Ohisalo on Wednesday told According to a report for , forest management in Finland is not on a sustainable basis.

“The situation is alarming from many points of view. When trees grow more slowly, it is also alarming for the forest industry. Our forestry is currently not on a sustainable basis. We are weighing different measures with different stakeholders,” he commented to the public broadcaster.

“Hakkuu reached a record level last year. Reducing logging must clearly be part of this effort to promote carbon sinks.

He also admitted that the development could impose significant costs on the country. “These are still being calculated in the EU, but it is true that we have certain obligations and that there will be some kind of price tag.”

Minister of Agriculture and Forestry (The Center) also described the report’s findings as worrying, but suggested that they do not necessarily require a reduction in logging, but possibly at an earlier stage and in larger quantities.

“We all have a common concern for the well-being of forests.
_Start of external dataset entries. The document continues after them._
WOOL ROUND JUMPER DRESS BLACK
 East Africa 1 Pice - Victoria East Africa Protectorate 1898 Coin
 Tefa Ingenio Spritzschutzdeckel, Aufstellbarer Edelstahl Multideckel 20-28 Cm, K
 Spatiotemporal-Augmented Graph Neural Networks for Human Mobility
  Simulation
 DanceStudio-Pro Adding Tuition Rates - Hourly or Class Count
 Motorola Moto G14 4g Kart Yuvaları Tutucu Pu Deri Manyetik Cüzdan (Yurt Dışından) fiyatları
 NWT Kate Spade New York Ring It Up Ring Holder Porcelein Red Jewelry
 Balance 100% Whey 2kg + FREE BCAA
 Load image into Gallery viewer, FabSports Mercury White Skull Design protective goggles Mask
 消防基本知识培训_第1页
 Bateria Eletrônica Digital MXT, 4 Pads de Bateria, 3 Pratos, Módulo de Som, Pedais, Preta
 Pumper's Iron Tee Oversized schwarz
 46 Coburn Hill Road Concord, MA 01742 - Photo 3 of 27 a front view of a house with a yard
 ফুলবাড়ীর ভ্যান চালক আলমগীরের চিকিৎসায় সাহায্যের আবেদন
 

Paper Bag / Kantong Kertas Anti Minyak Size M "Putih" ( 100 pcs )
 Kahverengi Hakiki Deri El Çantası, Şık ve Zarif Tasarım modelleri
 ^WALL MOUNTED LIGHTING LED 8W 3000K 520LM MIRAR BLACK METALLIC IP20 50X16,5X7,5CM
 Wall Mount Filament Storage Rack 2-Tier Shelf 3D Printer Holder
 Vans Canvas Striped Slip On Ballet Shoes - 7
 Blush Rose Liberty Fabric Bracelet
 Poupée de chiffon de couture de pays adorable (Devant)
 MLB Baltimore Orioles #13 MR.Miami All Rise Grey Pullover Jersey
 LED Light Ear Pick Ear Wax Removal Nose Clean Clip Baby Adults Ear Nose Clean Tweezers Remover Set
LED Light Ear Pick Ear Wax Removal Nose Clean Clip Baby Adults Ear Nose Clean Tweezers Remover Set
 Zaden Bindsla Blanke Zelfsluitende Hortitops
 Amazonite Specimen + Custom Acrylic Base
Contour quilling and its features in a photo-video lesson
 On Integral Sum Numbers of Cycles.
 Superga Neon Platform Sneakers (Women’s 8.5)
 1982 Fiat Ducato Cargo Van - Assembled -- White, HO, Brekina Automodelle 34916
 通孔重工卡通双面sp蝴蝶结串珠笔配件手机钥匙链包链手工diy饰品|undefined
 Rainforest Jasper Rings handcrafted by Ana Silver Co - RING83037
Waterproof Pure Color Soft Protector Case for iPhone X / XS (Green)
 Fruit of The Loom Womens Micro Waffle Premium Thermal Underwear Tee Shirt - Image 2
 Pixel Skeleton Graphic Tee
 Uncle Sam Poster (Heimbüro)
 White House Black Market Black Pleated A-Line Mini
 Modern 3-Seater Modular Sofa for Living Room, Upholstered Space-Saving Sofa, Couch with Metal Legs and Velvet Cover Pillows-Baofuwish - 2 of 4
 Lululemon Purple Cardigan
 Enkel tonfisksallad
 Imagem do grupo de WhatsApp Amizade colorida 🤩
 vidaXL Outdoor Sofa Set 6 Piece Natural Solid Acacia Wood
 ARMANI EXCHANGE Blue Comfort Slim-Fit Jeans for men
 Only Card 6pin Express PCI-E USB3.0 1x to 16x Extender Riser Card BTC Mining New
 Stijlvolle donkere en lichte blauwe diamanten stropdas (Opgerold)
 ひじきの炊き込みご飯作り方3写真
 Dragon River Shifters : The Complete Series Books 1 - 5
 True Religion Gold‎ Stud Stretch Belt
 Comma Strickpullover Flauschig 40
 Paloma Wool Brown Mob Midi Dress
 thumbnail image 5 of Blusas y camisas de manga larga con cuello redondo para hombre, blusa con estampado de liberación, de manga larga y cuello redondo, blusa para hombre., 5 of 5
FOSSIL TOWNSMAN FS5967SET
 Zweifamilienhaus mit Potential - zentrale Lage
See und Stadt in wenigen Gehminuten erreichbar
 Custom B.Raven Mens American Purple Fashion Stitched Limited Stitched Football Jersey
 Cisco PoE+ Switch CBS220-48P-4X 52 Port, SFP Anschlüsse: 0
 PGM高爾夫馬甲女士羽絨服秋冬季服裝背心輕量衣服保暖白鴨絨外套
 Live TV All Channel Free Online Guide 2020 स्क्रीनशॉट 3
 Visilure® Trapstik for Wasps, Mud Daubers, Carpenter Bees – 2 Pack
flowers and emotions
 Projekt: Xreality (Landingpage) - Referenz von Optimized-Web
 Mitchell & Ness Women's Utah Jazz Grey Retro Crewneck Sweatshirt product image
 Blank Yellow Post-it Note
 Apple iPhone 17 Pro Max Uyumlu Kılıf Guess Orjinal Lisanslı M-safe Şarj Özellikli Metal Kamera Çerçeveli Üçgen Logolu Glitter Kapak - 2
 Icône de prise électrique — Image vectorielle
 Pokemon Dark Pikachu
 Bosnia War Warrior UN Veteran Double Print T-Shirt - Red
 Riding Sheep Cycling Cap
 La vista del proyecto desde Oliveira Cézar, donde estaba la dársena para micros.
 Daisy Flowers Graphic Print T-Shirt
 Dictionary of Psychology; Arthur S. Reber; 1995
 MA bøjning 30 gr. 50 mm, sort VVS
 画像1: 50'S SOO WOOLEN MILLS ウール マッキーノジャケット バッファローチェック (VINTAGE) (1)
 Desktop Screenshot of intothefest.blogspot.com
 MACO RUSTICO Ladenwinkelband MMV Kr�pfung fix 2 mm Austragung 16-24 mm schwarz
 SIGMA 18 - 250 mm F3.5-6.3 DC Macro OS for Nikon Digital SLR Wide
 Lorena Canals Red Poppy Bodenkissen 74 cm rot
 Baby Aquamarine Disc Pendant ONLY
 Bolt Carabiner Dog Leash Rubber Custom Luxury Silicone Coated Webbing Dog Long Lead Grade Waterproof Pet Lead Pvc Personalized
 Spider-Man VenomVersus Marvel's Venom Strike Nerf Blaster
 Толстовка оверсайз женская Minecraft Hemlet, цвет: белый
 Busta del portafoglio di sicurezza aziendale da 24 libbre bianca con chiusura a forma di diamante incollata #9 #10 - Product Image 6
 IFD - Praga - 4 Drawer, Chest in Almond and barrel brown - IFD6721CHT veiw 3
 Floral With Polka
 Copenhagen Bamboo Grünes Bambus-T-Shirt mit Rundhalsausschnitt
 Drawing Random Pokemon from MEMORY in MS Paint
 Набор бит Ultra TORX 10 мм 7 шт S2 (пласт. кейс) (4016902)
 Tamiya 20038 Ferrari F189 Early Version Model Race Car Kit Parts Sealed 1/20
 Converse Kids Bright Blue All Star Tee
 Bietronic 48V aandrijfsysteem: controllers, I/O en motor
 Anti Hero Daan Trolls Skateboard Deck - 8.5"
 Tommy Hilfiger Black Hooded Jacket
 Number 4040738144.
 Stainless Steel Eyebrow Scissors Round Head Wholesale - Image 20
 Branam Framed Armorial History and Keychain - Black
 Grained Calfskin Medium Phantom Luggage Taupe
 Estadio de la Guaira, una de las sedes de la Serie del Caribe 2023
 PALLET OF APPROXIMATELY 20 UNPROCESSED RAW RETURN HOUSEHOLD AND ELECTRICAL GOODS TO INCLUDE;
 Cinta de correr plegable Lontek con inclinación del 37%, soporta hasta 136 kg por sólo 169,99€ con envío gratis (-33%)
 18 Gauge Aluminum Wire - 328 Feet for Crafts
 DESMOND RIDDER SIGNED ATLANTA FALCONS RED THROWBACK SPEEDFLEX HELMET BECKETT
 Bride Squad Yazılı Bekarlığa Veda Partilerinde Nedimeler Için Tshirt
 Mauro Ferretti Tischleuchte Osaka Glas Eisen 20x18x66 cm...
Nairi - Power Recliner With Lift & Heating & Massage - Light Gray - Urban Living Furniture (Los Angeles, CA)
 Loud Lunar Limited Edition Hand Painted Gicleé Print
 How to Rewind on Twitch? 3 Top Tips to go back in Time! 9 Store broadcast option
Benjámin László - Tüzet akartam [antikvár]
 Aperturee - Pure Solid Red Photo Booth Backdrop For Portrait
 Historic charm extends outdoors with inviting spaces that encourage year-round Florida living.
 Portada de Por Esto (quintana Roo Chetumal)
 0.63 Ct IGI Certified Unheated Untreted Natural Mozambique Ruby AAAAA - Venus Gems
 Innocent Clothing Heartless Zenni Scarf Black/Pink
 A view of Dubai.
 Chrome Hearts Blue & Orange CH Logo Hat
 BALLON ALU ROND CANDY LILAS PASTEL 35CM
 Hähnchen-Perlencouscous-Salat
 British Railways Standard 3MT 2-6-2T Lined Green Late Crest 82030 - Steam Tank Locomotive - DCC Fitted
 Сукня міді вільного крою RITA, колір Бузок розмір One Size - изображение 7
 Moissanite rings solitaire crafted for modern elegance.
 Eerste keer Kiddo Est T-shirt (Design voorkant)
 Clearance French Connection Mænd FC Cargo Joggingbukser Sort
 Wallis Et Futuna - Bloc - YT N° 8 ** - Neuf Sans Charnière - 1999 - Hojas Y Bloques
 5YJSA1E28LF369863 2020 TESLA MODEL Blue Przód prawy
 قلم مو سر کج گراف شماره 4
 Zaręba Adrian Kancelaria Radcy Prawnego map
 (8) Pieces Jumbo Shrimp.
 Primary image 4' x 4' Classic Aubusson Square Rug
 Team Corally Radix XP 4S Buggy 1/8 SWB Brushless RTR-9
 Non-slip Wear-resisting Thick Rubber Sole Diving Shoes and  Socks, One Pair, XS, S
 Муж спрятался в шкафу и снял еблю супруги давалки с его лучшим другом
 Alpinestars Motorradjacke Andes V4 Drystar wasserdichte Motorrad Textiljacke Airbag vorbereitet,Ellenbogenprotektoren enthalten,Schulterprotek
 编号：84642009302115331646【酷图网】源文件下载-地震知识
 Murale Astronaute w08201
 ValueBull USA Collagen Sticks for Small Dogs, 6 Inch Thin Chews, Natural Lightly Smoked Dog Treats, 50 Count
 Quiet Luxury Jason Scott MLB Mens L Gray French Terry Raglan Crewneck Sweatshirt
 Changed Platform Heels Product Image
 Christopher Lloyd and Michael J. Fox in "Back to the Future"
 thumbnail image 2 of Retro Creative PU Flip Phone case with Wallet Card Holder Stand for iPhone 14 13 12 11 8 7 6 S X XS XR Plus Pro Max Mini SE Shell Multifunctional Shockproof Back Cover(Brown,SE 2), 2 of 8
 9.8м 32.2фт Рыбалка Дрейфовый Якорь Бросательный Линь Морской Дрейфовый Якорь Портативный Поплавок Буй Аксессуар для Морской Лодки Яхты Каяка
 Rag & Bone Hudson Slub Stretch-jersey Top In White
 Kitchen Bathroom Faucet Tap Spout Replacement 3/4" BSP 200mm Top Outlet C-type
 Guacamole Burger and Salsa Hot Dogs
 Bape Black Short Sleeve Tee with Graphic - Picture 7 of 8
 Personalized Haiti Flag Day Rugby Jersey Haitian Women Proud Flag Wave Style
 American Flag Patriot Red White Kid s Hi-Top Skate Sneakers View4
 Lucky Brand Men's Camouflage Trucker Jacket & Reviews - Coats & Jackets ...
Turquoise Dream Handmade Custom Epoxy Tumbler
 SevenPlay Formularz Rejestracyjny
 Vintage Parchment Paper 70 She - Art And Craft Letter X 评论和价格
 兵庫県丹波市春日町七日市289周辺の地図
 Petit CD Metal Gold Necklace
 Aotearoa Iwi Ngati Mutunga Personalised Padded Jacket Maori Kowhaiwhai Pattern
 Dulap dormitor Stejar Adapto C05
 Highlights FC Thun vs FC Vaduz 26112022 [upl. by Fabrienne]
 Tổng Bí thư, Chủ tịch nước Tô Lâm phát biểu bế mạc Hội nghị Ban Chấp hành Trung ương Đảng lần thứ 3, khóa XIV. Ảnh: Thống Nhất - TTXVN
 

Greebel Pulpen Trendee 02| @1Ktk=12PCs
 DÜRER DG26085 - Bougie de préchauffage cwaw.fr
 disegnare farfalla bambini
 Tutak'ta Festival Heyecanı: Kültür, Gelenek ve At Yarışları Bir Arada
It is a concern for nature conservation, forest industry and administration. You can’t say that limiting logging alone would be some kind of answer,” he reasoned, according to YLE. “We need more felling in certain areas, because we don’t thin out young forests early enough, which causes problems.”

“We have to use all our resources to speed up the growth of forests. We need to fertilize, cut more, but we need to do it at the right time.